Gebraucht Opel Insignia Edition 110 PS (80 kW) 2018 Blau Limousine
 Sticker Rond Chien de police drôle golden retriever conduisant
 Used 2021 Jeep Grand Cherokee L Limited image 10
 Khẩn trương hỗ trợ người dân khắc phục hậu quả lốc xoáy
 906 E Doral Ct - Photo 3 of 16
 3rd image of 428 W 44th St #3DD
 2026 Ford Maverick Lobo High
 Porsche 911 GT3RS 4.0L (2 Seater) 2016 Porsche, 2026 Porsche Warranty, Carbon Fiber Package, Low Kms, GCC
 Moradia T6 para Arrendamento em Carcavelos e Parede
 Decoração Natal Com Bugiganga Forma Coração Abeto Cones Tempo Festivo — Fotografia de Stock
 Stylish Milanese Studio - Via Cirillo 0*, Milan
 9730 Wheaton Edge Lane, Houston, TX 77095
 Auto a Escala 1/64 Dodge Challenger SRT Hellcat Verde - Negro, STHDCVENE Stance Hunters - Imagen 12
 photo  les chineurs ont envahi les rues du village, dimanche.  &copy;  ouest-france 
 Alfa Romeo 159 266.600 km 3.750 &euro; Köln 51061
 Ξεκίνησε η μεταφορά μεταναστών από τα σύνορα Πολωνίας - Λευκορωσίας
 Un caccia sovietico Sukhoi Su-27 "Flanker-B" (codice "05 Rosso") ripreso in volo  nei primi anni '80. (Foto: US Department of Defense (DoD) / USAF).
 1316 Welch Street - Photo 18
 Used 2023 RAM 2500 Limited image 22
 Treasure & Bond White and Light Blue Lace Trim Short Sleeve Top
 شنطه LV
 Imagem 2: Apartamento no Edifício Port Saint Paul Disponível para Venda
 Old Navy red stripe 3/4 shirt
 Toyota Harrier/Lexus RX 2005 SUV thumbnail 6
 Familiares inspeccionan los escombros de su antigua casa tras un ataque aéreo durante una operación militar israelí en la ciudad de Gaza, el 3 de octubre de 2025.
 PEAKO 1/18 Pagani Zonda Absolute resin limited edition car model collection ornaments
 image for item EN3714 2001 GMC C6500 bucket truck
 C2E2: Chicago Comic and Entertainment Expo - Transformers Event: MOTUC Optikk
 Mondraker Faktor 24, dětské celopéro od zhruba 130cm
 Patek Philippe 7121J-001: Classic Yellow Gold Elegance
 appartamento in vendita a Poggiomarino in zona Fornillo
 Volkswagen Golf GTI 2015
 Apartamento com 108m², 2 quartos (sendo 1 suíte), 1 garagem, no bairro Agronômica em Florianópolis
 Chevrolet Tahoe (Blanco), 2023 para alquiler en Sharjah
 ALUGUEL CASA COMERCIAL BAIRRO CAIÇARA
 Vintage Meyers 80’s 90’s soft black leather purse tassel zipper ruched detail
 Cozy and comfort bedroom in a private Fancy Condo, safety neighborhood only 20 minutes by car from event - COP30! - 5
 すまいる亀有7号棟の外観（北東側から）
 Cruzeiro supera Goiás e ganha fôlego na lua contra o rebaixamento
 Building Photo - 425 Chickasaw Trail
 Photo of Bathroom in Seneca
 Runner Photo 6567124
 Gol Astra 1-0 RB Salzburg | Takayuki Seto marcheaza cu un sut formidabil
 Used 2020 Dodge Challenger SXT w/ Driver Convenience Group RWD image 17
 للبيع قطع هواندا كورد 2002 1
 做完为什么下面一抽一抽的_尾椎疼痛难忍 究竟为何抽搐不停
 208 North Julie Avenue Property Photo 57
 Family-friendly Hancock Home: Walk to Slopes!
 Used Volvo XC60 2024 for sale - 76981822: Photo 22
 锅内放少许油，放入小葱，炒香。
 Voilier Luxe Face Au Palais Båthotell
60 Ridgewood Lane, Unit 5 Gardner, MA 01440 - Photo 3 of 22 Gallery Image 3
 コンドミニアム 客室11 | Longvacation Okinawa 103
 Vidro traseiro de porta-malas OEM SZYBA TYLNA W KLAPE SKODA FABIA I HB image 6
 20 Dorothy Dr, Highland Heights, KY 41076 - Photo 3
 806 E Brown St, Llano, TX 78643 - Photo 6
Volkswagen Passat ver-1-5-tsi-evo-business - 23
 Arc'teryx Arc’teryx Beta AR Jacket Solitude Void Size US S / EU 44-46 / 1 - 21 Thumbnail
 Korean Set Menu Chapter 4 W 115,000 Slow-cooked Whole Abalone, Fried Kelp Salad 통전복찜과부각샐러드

• [Exercise instructions]: Give the data again, exactly.

• [Exercise answer]:
Gebraucht Opel Insignia Edition 110 PS (80 kW) 2018 Blau Limousine
 Sticker Rond Chien de police drôle golden retriever conduisant
 Used 2021 Jeep Grand Cherokee L Limited image 10
 Khẩn trương hỗ trợ người dân khắc phục hậu quả lốc xoáy
 906 E Doral Ct - Photo 3 of 16
 3rd image of 428 W 44th St #3DD
 2026 Ford Maverick Lobo High
 Porsche 911 GT3RS 4.0L (2 Seater) 2016 Porsche, 2026 Porsche Warranty, Carbon Fiber Package, Low Kms, GCC
 Moradia T6 para Arrendamento em Carcavelos e Parede
 Decoração Natal Com Bugiganga Forma Coração Abeto Cones Tempo Festivo — Fotografia de Stock
 Stylish Milanese Studio - Via Cirillo 0*, Milan
 9730 Wheaton Edge Lane, Houston, TX 77095
 Auto a Escala 1/64 Dodge Challenger SRT Hellcat Verde - Negro, STHDCVENE Stance Hunters - Imagen 12
 photo  les chineurs ont envahi les rues du village, dimanche.  &copy;  ouest-france 
 Alfa Romeo 159 266.600 km 3.750 &euro; Köln 51061
 Ξεκίνησε η μεταφορά μεταναστών από τα σύνορα Πολωνίας - Λευκορωσίας
 Un caccia sovietico Sukhoi Su-27 "Flanker-B" (codice "05 Rosso") ripreso in volo  nei primi anni '80. (Foto: US Department of Defense (DoD) / USAF).
 1316 Welch Street - Photo 18
 Used 2023 RAM 2500 Limited image 22
 Treasure & Bond White and Light Blue Lace Trim Short Sleeve Top
 شنطه LV
 Imagem 2: Apartamento no Edifício Port Saint Paul Disponível para Venda
 Old Navy red stripe 3/4 shirt
 Toyota Harrier/Lexus RX 2005 SUV thumbnail 6
 Familiares inspeccionan los escombros de su antigua casa tras un ataque aéreo durante una operación militar israelí en la ciudad de Gaza, el 3 de octubre de 2025.
 PEAKO 1/18 Pagani Zonda Absolute resin limited edition car model collection ornaments
 image for item EN3714 2001 GMC C6500 bucket truck
 C2E2: Chicago Comic and Entertainment Expo - Transformers Event: MOTUC Optikk
 Mondraker Faktor 24, dětské celopéro od zhruba 130cm
 Patek Philippe 7121J-001: Classic Yellow Gold Elegance
 appartamento in vendita a Poggiomarino in zona Fornillo
 Volkswagen Golf GTI 2015
 Apartamento com 108m², 2 quartos (sendo 1 suíte), 1 garagem, no bairro Agronômica em Florianópolis
 Chevrolet Tahoe (Blanco), 2023 para alquiler en Sharjah
 ALUGUEL CASA COMERCIAL BAIRRO CAIÇARA
 Vintage Meyers 80’s 90’s soft black leather purse tassel zipper ruched detail
 Cozy and comfort bedroom in a private Fancy Condo, safety neighborhood only 20 minutes by car from event - COP30! - 5
 すまいる亀有7号棟の外観（北東側から）
 Cruzeiro supera Goiás e ganha fôlego na lua contra o rebaixamento
 Building Photo - 425 Chickasaw Trail
 Photo of Bathroom in Seneca
 Runner Photo 6567124
 Gol Astra 1-0 RB Salzburg | Takayuki Seto marcheaza cu un sut formidabil
 Used 2020 Dodge Challenger SXT w/ Driver Convenience Group RWD image 17
 للبيع قطع هواندا كورد 2002 1
 做完为什么下面一抽一抽的_尾椎疼痛难忍 究竟为何抽搐不停
 208 North Julie Avenue Property Photo 57
 Family-friendly Hancock Home: Walk to Slopes!
 Used Volvo XC60 2024 for sale - 76981822: Photo 22
 锅内放少许油，放入小葱，炒香。
 Voilier Luxe Face Au Palais Båthotell
60 Ridgewood Lane, Unit 5 Gardner, MA 01440 - Photo 3 of 22 Gallery Image 3
 コンドミニアム 客室11 | Longvacation Okinawa 103
 Vidro traseiro de porta-malas OEM SZYBA TYLNA W KLAPE SKODA FABIA I HB image 6
 20 Dorothy Dr, Highland Heights, KY 41076 - Photo 3
 806 E Brown St, Llano, TX 78643 - Photo 6
Volkswagen Passat ver-1-5-tsi-evo-business - 23
 Arc'teryx Arc’teryx Beta AR Jacket Solitude Void Size US S / EU 44-46 / 1 - 21 Thumbnail
 Korean Set Menu Chapter 4 W 115,000 Slow-cooked Whole Abalone, Fried Kelp Salad 통전복찜과부각샐러드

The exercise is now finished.